08-0502-Survival Using Co-morbidity Data 

 

The inclusion of co-morbidity information in cancer registries will improve the accuracy of survival statistics and the evaluation of treatment effectiveness, which may eventually lead to a decrease in mortality and better quality of life for cancer patients. Because of the importance of co-morbidity to cancer care, many organizations plan to include co-morbidity as a required data element for cancer registries.  Cancer registrars at Barnes-Jewish Hospital-Oncology Data Services (BJH-ODS) abstract co-morbidity information from patients’ charts using both a chart based and a claim based method. The investigators will receive via an electronic submission, de-identified data previously collected as part of standard tumor registry practice by registrars at BJH-ODS on analytical cases (first diagnosed and treated at BJC healthcare). Data will be used to investigate how addition of co-morbidity data influences survival for cancers of different body systems and how this information can be used by cancer patients and physicians trying to predict their survival and better plan their treatment. Survival will be the primary outcome of interest. Statistical models generated from the survival analysis will be used to generate curves for prediction of survival. A website available to the public and physicians will be created to introduce these curves. De-identified individual information will be requested and upon receipt, a personalized survival curve will be built for each individual. The website is currently under construction.
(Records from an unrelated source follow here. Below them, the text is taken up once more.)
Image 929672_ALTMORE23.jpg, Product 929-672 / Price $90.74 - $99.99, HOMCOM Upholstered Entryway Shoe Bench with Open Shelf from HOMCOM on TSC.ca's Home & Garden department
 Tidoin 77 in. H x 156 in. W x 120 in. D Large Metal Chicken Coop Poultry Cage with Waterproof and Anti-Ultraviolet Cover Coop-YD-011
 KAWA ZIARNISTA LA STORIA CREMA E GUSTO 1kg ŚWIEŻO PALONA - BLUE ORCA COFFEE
09-0433-A Comprehensive Assessment of Adult Head and Neck Cancer Survival

 

In the United States, the incidence of cancer is increasing as our population ages.  Survivorship has dramatically improved within the last four decades and so a greater number of Americans are living after cancer diagnosis. Survivorship research focuses on the health and quality of life of a person with a history of cancer beyond the acute diagnosis and treatment phase.  Adult cancer patients often have other coexisting illnesses or health conditions unrelated to their index cancer.  These patients may be experiencing age-related physiological changes, co-morbidities, and cognitive or functional impairments at the time of their cancer diagnosis and even after cancer therapy.  Our aim is to increase our understanding of the complex interaction among human aging, cancer, and co-morbid health ailments by evaluating physical, functional, and cognitive changes that occur in adult cancer patients during the course of cancer treatment.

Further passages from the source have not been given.